“Young plants need rain, businesses need investment.
Our old industries are like dry crops and privatisation brings the rain.
When the harvest comes, there is plenty for everyone …
Investors are on the team, risking everything they own
And betting that we can succeed.”

These lyrics are taken from a 2001 pop song called Ubinafsishaji (meaning ‘privatisation’ in Kiswahili) which was produced by privatisation consultants Adam Smith International (ASI) and paid for with thousands of pounds of UK overseas aid money. Its aim was to persuade a sceptical

Tanzanian population about the benefits of the donor-driven privatisation programme. As ASI explain on their website, this song describes “how the world is getting smaller, how we are all more dependent on one another, and how privatisation completes a three-way partnership of government regulation, private sector expertise and investment, and consumers reaping the benefits”.

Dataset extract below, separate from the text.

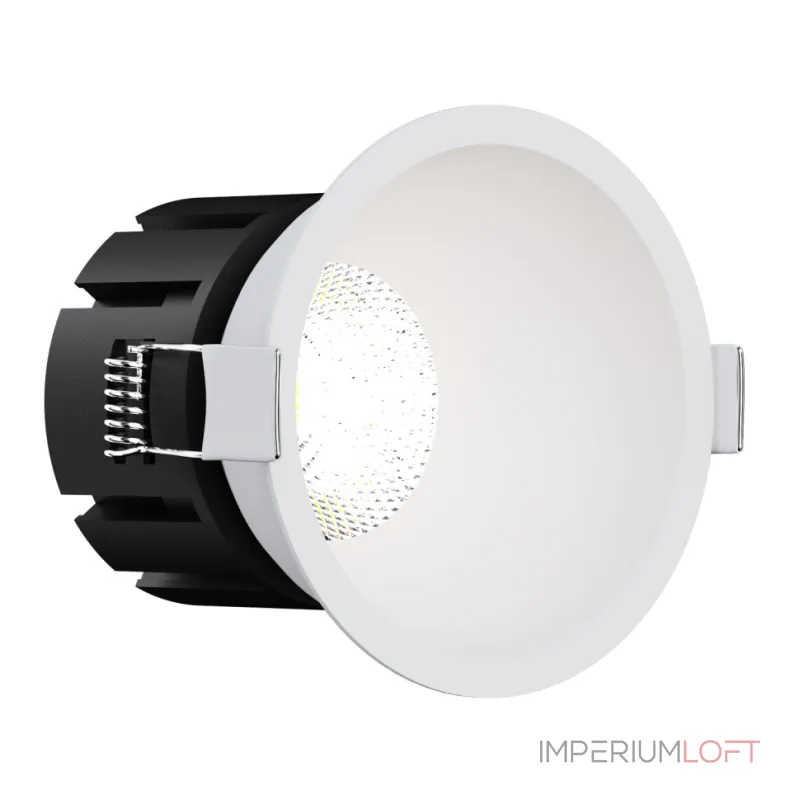 Светильник встраиваемый Italline IT06-6025 white 4000K от ImperiumLoft Светильник встраиваемый Italline IT06-6025 white 4000K от ImperiumLoft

Providing investment; making available the funds needed to connect over a billion people to water and sanitation; doing what governments were either unwilling or unable to do. This was the promise of the private sector on which the last 15 years of donor policy has been based. And the seeming logic of the proposition, backed by the easy rhetoric of ‘competition and efficiency’ has proven attractive to donor parliaments, the media and the public. Likewise, for the poor, any promise of a connection in or near your home has to sound good when you are trekking miles for water or buying from expensive street vendors even if you instinctively baulk at the prospect of handing control of public services to foreign companies.